Dieses wird zum Markstart des elektrischen Cupra Born vollkommen neu aufgestellt. Das Elektroauto firmiert quasi als Versuchsballon für ein sogenanntes Agentur-System, bei dem die Händler die Autos nicht mehr dem Hersteller abkaufen und dann an die Kunden weiterverkaufen. Vielmehr agieren sie dabei als Vermittler zwischen dem Hersteller/Importeur und den Käufern. Griffiths: "Der Händler spielt dabei weiterhin eine Schlüsselrolle für uns. Der Unterschied für ihn besteht darin, dass er nicht mehr ein Franchise-Nehmer mit einer Marge ist, sondern ein Agent, der eine Kommission bekommt." Der Einschätzung, dass damit die Händler geschwächt werden sollen, begegnet Griffiths mit wirtschaftlichen Argumenten: "Für den Handel ist das ein deutlich attraktiveres System, weil er nicht die Belastung hat, was etwa Lager und Equity betrifft."
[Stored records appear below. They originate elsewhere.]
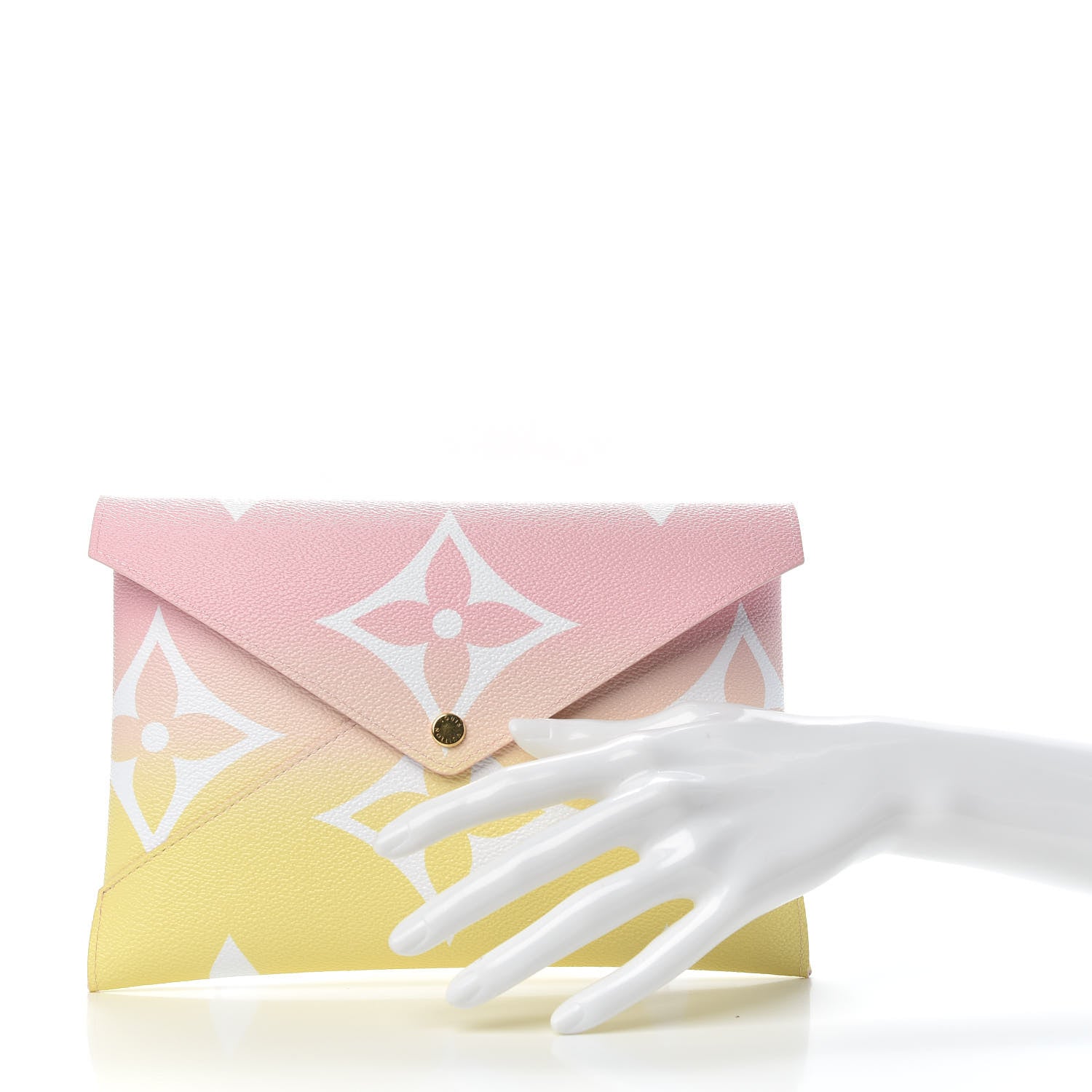 Louis Vuitton Monogram Giant By The Pool Kirigami Pochette Set 3 of 11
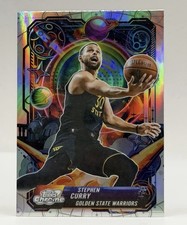 STEPHEN CURRY - 2025-26 Topps Cosmic Chrome Basketball - PROPULSION - Refractor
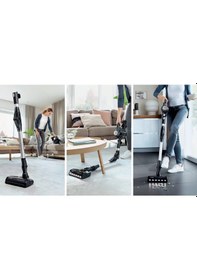 Resim Bosch BBS712A (2 Bataryalı) Dikey Şarjlı Süpürge 
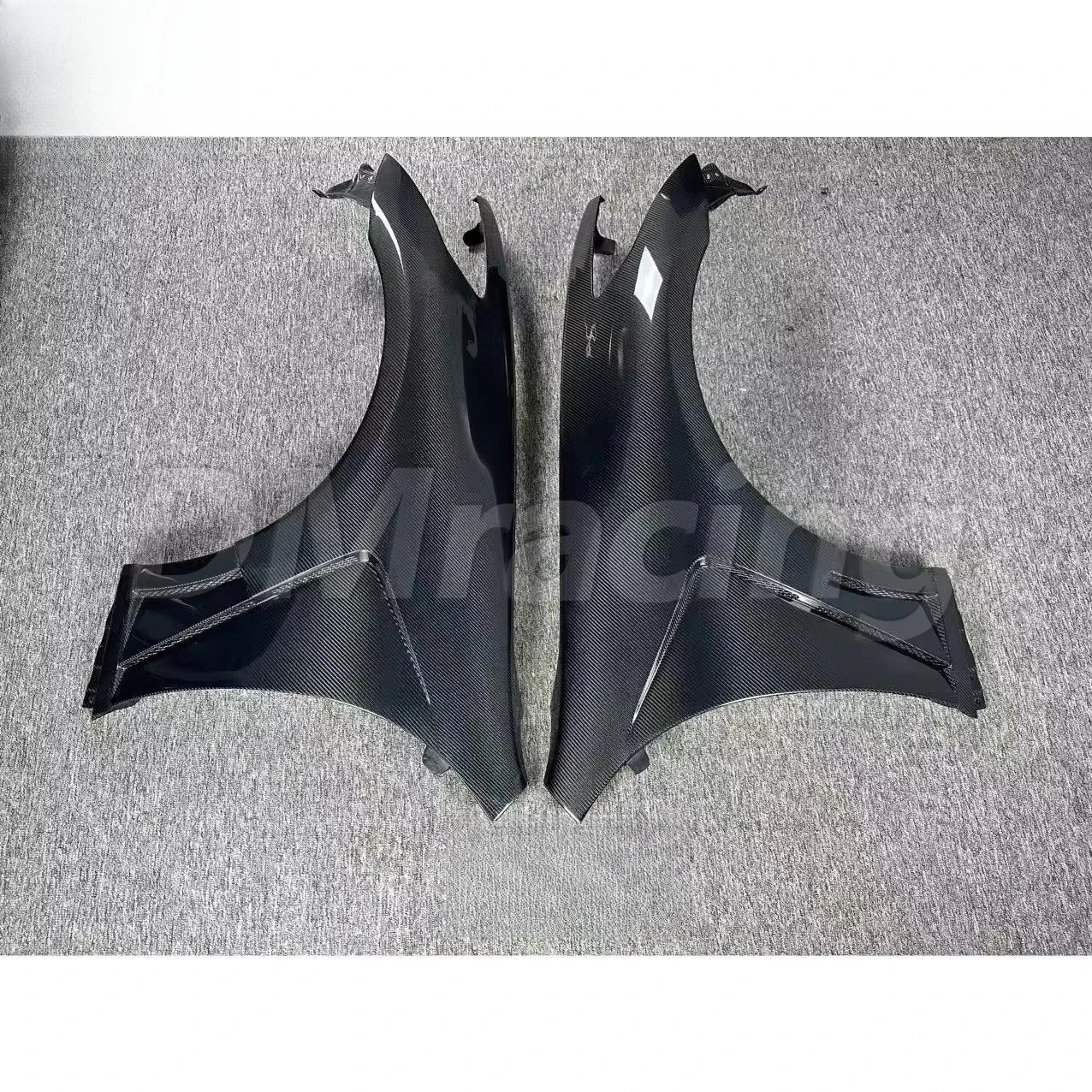 Dmracing Style Carbon Fiber Vent Front Fender for G37 Sedan 4 Door Body Kit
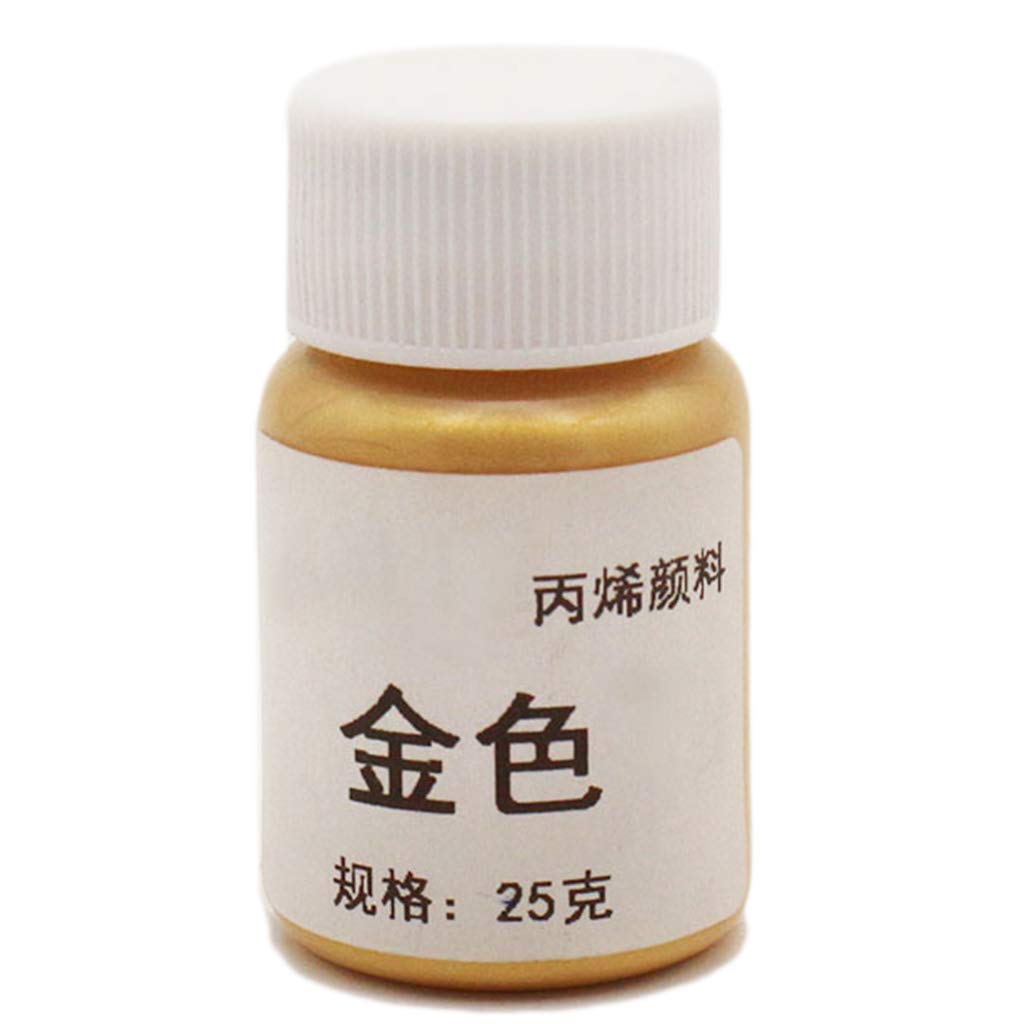 Mmnas Acrylic Pigment Metallic Paint Drawing Art DIY Handmade Painting Coloring Tool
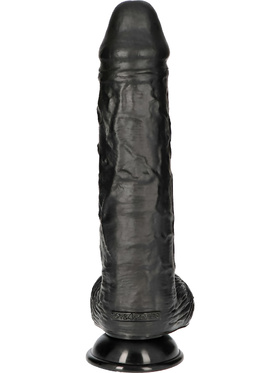 Toyz4Lovers: Made in Italy, Spartaco XXL Dildo, 32.5 cm, svart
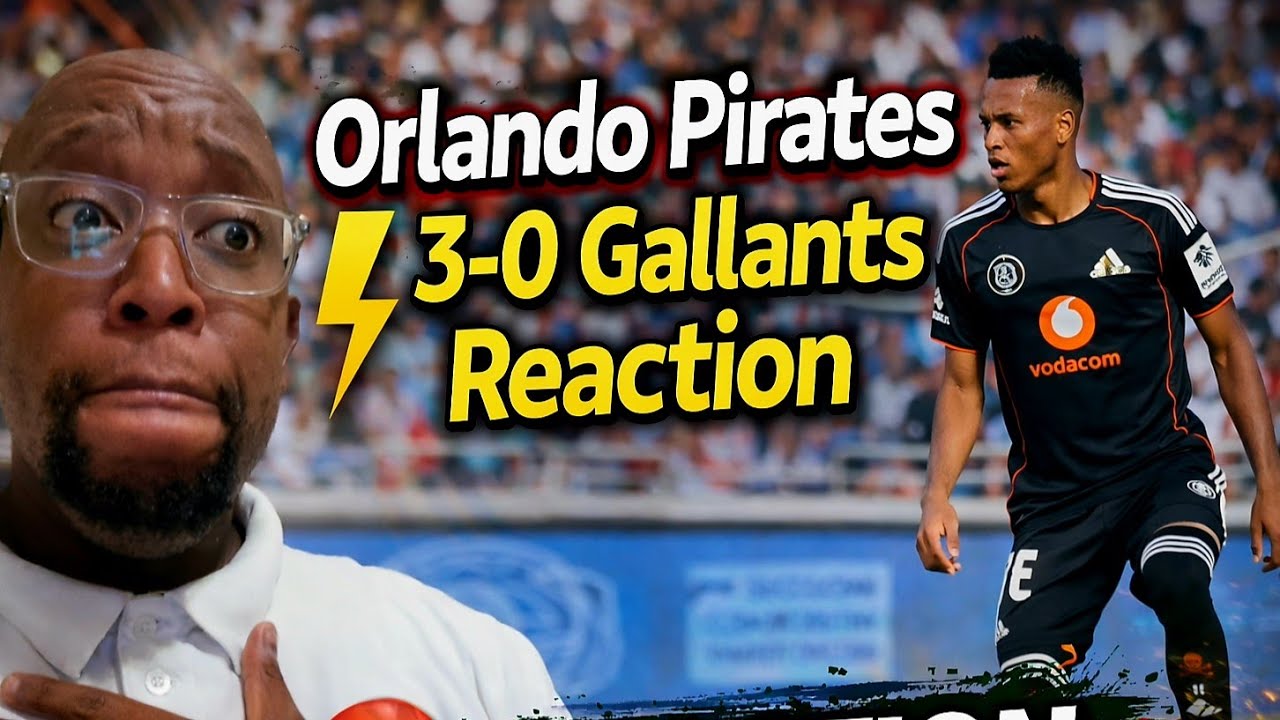 Who is going to BEAT this Orlando Pirates???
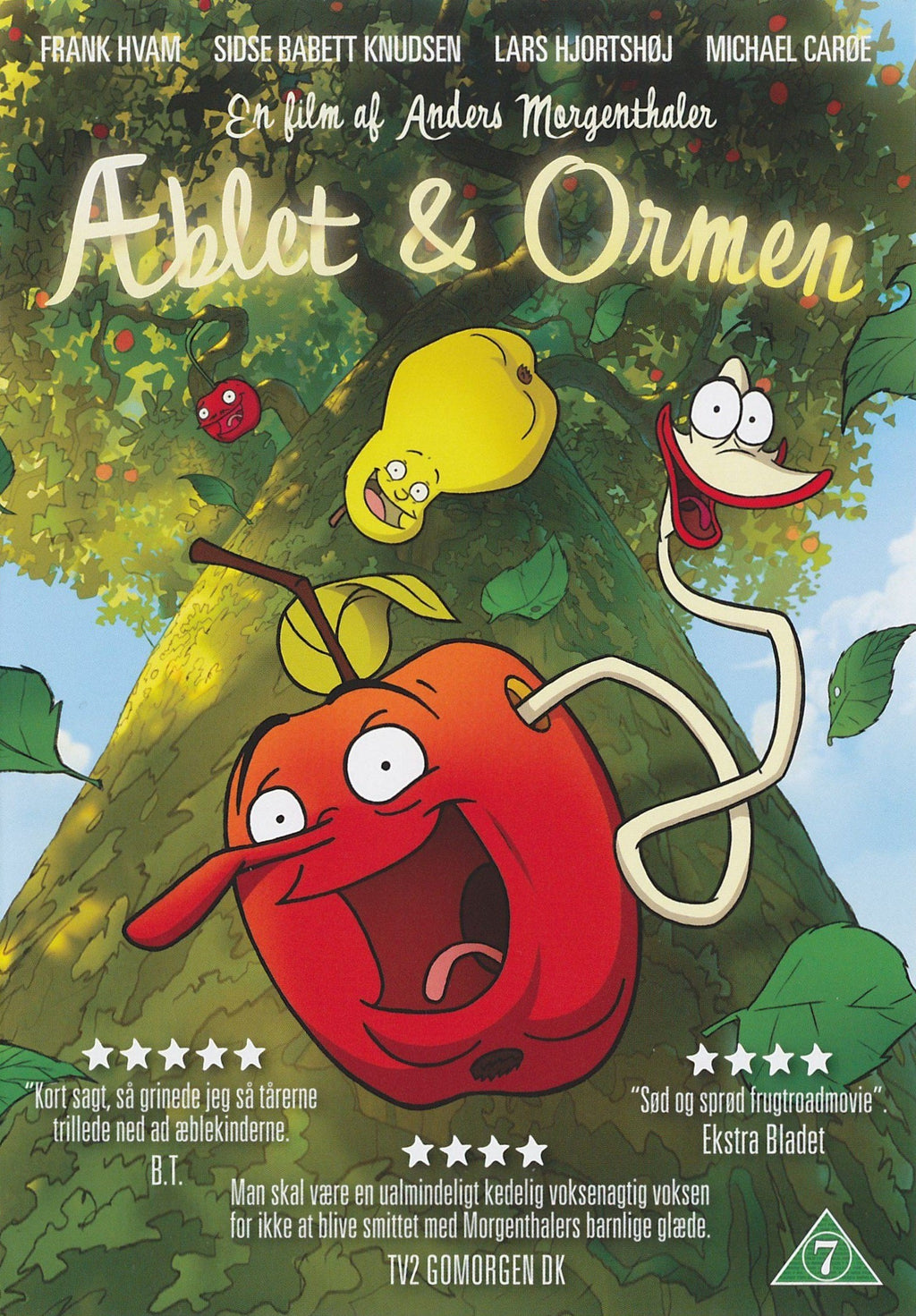 Æblet & Ormen (DVD)
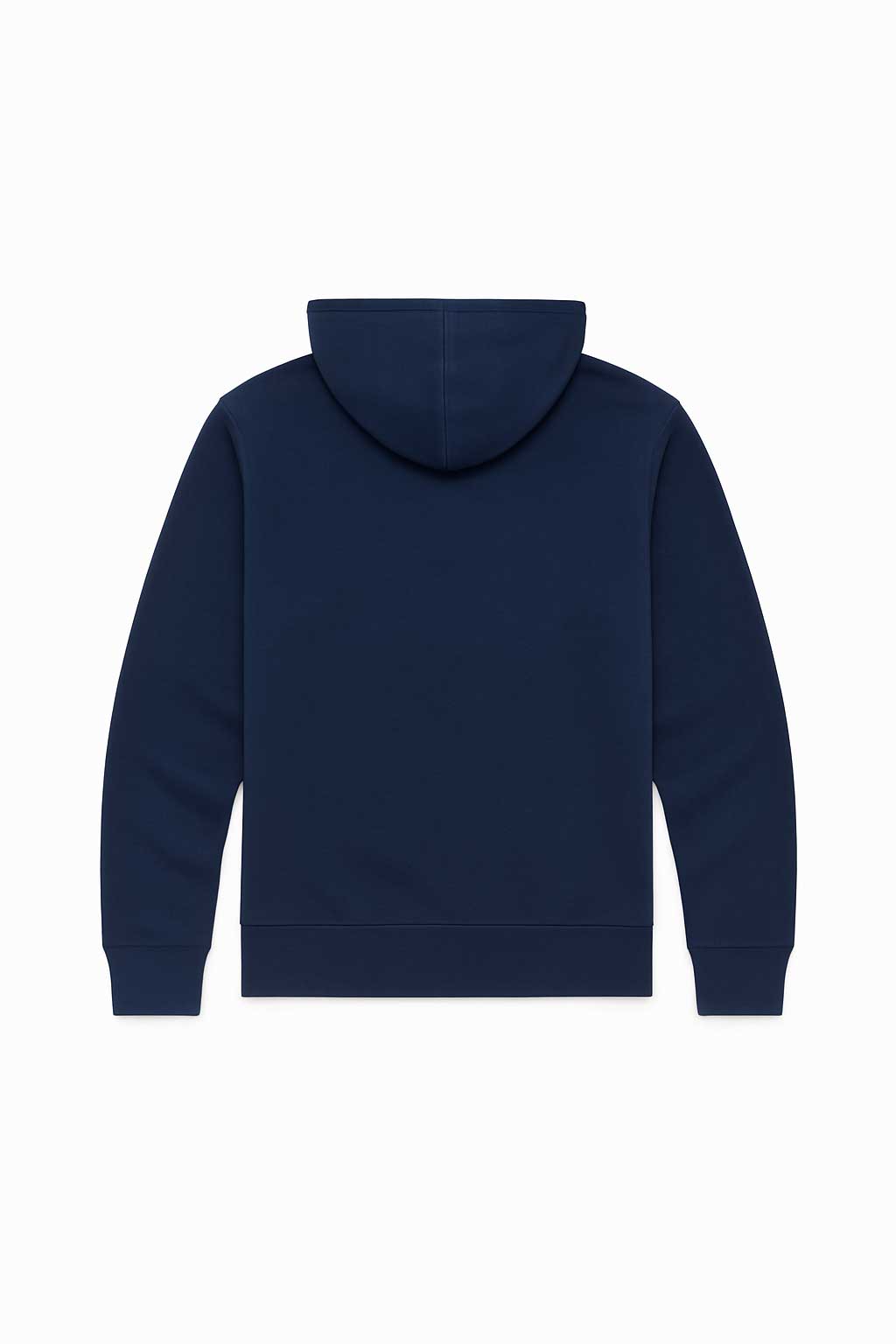 Zipper Hoodied Sweat Shirt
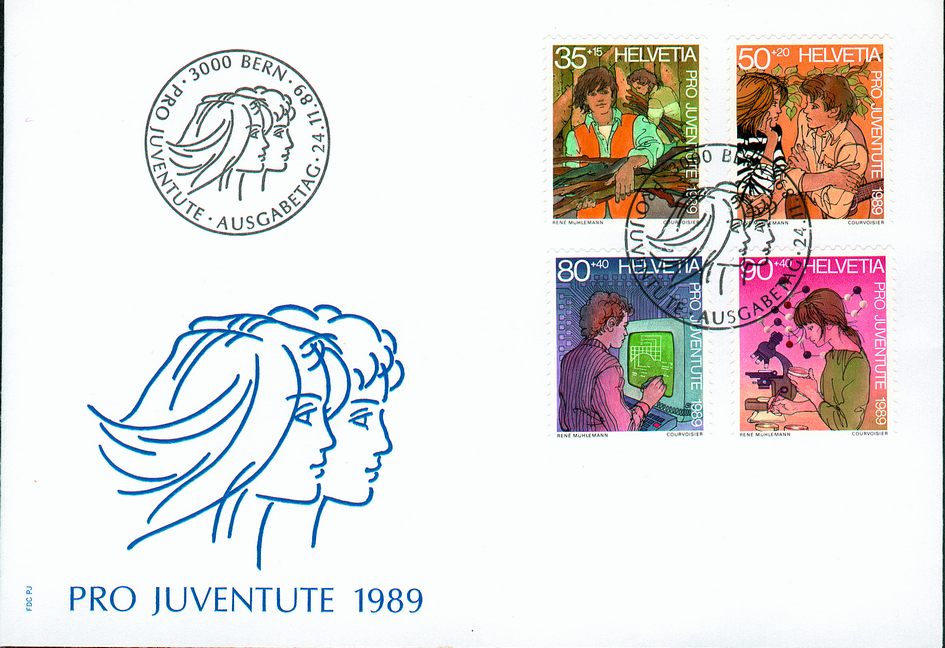 1989, Jugendliche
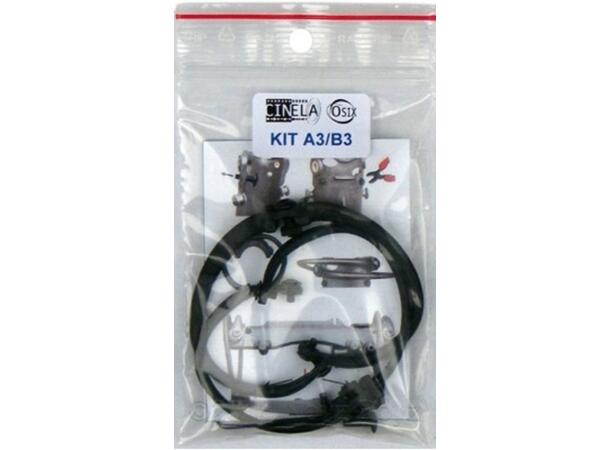 Cinela KIT A3/B3 Pair of isolators for OSIX 3, OSIX CMIT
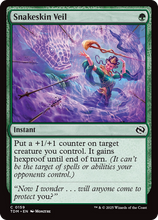 Snakeskin Veil (TDM-159) - Tarkir: Dragonstorm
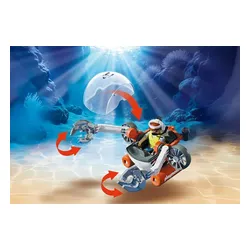 Playmobil Zestaw z figurkami 71860 Poszukiwania skarbu łodzią podwodną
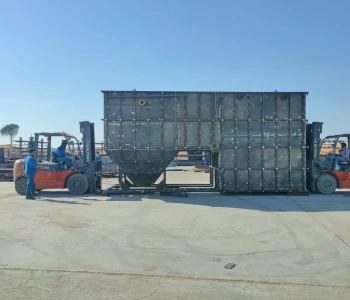 ETP Plant Process Tanks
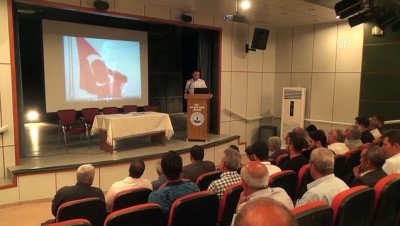 Ahlat'ta 'Kırsal Kalkınma Destekleri' anlatıldı - BİTLİS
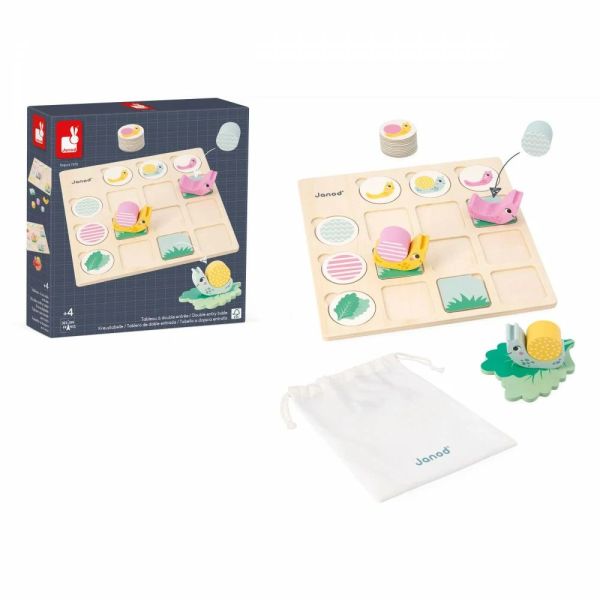 Jeu éducatif Assembler des escargots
Griffith sieht damit die Chance für die Händler, mit dem Elektroauto in das neue, nachhaltigere System zu wechseln, da man sich hier ohnehin auf neues Terrain begebe und keine bestehenden Strukturen verändern müsse: "Ein eingespieltes Margen-System, an das Kunden und Händler seit langem gewöhnt sind, in so ein Agentur-System überzuführen ist sehr schwierig", gibt sich Griffiths realistisch was den möglichen Umbau des gesamten Vertriebssystems betrifft: "Ob man später auch die Seat-Modelle aus der Verbrenner-Welt in das Agentur-System überführen sollte, da bin ich mir nicht so sicher, ob das sinnvoll ist."
Dass man im VW-Konzern gerade bei Cupra mit dem neuen System ansetzt, um erste Erfahrungen damit sammeln zu können, ist kein Zufall. Griffiths: "Cupra ist eine kleine, junge Marke. Wir sind schnell und das Risiko für den Konzern ist damit begrenzt. Wenn es gut funktioniert, werden es sicher auch andere Marken mit ihren Elektro-Modellen übernehmen."
Was die Elektrifizierung betrifft, so wird sich bei den Spaniern vor allem Cupra darum kümmern. Batterie-elektrische Modelle sind vorerst der jungen Marke vorbehalten. Bei Seat werden es vor allem Plug-in-Antriebe sein. Griffith realistisch: "Im Kleinwagensegment, da wo Seat herkommt, mit Batterie-elektrischen Modellen Geld zu verdienen, ist derzeit noch eine sehr große Herausforderung. " Es wird aber auch deswegen noch länger dauern, bis man einen Seat mit Elektroantrieb sehen wird, weil etwa Märkte in Südamerika, wo die Marke sehr stark ist, noch nicht bereit sind für vollelektrische Modelle. Sowohl von den wirtschaftlichen Möglichkeiten der Kundschaft, als auch von der Infrastruktur her.